May 4, 2006
MILTON COX, APPELLANT,
UNITED STATES, APPELLEE.
Appeal from the Superior Court of the District of Columbia (F-4077-04) (Hon. Judith E. Retchin, Trial Judge).
The opinion of the court was delivered by: Ferren, Senior Judge
Argued April 5, 2006
Before SCHWELB and FARRELL, Associate Judges, and FERREN, Senior Judge.
At the conclusion of a jury trial, appellant, Milton Cox, was convicted of carrying a pistol without a license ("CPWL"), D.C. Code § 22-4504 (a) (2001), possession of an unregistered firearm ("UF"), id., § 7-2502.01, unlawful possession of ammunition ("UA"), id., § 7-2506.01, unlawful possession of drug paraphernalia ("PDP"), id., § 48-1103 (a), and unlawful possession of a controlled substance (marijuana), id., § 48-1103 (a).*fn1 Appellant contends on appeal that the trial court erred in refusing to admit the testimony of an arresting officer on two grounds: (1) it was hearsay, and (2) its admission in any event was not compelled (as appellant maintains) under the rule of completeness.*fn2 We agree that the trial court erred in both respects, but we conclude that the errors were harmless. Thus, we affirm all convictions.
On a day in July 2003, at around 5:00 p.m., veteran officers Stephen Franchak and Wayne David of the Metropolitan Police Department (MPD) were patrolling in uniform in a marked police car in the vicinity of Rhode Island Avenue and First and T Streets, N.W. They saw a red car driven by a man, later identified as appellant, go through a red light at the intersection of First and T and turn right onto T Street. Because of the traffic, the officers were unable to follow appellant immediately, but they caught up with him as he pulled up to a curb at the corner of North Capital and Seaton Streets, N.W. Officer Franchak asked appellant for his driver's license. A check of the license revealed that it had been suspended.
Officer Franchak ordered appellant out of the car and arrested him.

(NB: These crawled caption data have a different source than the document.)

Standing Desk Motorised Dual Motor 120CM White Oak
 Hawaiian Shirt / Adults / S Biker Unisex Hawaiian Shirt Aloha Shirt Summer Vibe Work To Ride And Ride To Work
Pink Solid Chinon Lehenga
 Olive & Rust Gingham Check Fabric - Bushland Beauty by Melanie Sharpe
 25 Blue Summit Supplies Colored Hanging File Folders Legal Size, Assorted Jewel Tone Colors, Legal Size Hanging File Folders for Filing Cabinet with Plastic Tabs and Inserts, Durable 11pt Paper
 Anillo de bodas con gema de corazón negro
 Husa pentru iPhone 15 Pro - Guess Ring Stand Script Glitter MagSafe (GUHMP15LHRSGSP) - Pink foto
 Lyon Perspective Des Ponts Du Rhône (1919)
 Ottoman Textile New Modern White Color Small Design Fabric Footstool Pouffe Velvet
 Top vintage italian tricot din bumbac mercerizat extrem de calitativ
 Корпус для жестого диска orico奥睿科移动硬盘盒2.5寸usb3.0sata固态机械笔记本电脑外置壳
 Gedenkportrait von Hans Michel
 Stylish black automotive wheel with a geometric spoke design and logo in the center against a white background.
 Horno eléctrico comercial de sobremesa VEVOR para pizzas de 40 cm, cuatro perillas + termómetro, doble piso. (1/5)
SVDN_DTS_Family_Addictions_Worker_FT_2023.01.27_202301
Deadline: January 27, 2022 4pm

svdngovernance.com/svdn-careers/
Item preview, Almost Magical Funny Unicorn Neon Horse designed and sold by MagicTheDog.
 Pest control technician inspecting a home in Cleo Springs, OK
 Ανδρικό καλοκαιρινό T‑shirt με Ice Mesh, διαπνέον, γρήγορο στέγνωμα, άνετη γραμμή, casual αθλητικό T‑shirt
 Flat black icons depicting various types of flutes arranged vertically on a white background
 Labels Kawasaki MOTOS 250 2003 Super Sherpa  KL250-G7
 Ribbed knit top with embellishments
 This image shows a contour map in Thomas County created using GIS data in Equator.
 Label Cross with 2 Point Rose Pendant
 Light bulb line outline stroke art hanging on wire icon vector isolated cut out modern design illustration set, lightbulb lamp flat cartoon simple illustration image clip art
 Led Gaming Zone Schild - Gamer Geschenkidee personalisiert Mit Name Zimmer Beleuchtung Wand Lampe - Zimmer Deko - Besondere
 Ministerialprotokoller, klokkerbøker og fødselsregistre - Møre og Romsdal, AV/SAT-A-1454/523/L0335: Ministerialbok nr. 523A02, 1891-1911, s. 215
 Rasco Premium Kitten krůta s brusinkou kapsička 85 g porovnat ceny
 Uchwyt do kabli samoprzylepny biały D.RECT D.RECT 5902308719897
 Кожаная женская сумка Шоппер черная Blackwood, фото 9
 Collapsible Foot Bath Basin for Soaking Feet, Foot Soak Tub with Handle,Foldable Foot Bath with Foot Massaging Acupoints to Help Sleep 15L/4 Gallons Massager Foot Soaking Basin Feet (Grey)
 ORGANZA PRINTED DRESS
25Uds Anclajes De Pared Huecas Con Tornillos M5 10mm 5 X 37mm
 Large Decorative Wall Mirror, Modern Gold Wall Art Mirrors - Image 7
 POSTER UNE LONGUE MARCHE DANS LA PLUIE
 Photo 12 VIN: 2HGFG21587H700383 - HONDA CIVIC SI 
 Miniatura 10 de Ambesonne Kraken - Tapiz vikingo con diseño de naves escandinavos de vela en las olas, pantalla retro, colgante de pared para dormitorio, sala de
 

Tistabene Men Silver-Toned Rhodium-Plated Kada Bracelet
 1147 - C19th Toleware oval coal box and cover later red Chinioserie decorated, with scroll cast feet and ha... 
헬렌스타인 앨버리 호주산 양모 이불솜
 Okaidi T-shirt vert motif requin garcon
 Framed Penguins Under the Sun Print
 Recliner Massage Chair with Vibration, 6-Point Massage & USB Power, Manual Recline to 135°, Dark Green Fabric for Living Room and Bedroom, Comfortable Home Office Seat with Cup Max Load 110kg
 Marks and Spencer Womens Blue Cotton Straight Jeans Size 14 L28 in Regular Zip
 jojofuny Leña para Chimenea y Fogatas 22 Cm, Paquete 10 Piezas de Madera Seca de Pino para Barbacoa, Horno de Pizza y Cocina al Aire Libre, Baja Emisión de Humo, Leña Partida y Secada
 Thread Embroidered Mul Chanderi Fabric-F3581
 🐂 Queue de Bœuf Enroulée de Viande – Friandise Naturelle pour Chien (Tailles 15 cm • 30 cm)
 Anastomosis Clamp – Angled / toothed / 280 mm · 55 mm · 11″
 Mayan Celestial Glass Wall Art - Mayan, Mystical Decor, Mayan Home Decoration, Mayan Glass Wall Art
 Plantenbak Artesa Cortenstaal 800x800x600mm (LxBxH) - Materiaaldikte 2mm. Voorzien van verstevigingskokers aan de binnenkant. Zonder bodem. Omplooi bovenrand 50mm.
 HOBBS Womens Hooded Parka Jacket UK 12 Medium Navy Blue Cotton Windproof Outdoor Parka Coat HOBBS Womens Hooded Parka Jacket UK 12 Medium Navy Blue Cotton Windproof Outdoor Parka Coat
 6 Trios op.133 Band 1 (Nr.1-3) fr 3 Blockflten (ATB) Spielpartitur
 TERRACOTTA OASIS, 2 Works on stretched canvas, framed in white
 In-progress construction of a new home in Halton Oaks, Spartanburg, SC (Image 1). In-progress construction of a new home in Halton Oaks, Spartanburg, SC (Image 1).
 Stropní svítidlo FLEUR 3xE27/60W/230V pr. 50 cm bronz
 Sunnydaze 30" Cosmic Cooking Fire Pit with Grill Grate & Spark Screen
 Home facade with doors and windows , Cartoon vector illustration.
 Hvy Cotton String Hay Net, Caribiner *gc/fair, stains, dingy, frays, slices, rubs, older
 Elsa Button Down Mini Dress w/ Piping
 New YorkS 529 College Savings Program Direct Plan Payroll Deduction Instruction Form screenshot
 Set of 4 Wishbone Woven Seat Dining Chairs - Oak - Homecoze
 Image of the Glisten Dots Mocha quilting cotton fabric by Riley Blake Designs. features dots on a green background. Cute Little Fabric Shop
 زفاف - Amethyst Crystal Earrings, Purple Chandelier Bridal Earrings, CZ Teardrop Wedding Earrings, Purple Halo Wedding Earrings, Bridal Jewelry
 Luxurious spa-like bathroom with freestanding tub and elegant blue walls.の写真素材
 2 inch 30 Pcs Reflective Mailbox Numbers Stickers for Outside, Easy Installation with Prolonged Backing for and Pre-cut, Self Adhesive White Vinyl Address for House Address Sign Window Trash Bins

After removing Bruce Marshall (a co-defendant) from the passenger seat, and Steve Crump and Larry Brown from the back seat, both officers saw the handle of a black-colored, semi-automatic handgun (later found to be loaded) sticking up between the driver's seat and the console. The officers also found two rounds of ammunition in the center console and one large ziploc bag containing numerous small blue ziploc bags in the glove compartment. In the trunk, the officers found ten rounds of ammunition, a handgun holster, and a large black plastic bag containing 110.3 grams of marijuana.
At trial,*fn3 appellant testified that on the day before his arrest he had gone to a firing range in Upper Marlboro, Maryland to practice shooting. After leaving the firing range, appellant said, he placed the loaded gun between the center console and the driver's seat. Appellant denied that one could see the handle protruding up from between the seat and the center console. On his way home from the firing range, according to appellant, he picked up dinner for his family at his mother's request, but upon arriving home he forgot to bring his gun into the house when he brought the dinner in.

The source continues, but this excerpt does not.